At the risk of echoing past reviews of Coldplay, it's really easy to forget what a good band it is. The songs all over the radio and on the group's four albums are so neatly tailored that it's always a refreshing surprise to see Coldplay live and be rocked, be it the early years at the Fillmore Auditorium or Friday night's show at the Pepsi Center, reports Rocky Mountain News.
Granted, Coldplay salted the set early with hits, including the classic Clocks, which has become more muscular with age - largely because of drummer Will Champion, who happily doubled on guitar and vocals during acoustic songs.
But the crowd was down with everything from the first note, be it album cuts or the single When I Ruled the World. In a moment of time when the news seems to be unrelentingly bleak, there's a lot to be said for a packed auditorium of music fans singing lustily and joyously along with a strong set.
It's also refreshing to see a band using common sense in the staging of a concert. Every high-tech bell and whistle was there - the gigantic big screen, floating picture orbs and enough lasers to make The Who very happy. But it was just used in a smarter way, with ramps extending into the audience near the front, and additional big-screens hung halfway back so the rear of the house felt intimate as well. They headed to the rear of the arena for another mini-set, starting with The Scientist.
"This gives everybody at the front the chance to Blackberry their friends and say 'Gee, man, we overpaid,' " singer Chris Martin joked.

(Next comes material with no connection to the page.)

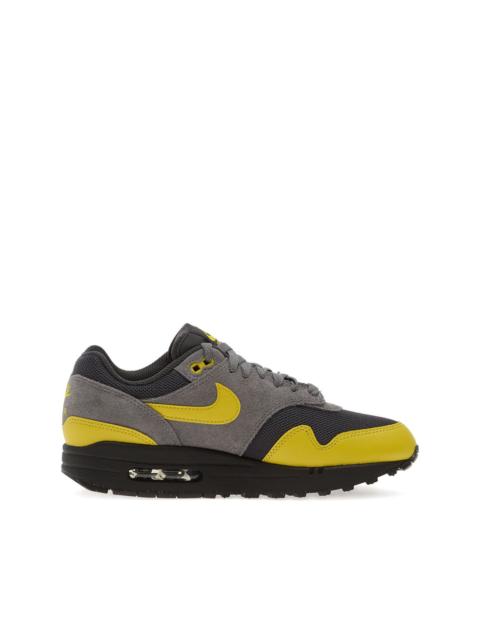Nike Air Max 1 sneakers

Martin has steadily grown as a frontman, intense but jerky in his early days, relaxed and fun these days. He effortlessly commands the stage, where nothing feels forced or planned. He manages to convey a combination of goofiness and warmth, a far cry from the aloof image that the media has painted of him for his ambitious writing or the person he chose to marry.
The band took the stage a bit later than planned, and at press time, encores still were ahead. If recent shows are any indication, the band's first hit, Yellow, was likely to have made up a big part of that.
Jon Hopkins opened with a hypnotic electronic set, accompanied by animation on a big screen that was at the same time up-to-the-minute but also echoed the days of the old San Francisco psychedelic ballroom scene. He could have used a bigger screen, but fans were still surprisingly receptive to the edgy set.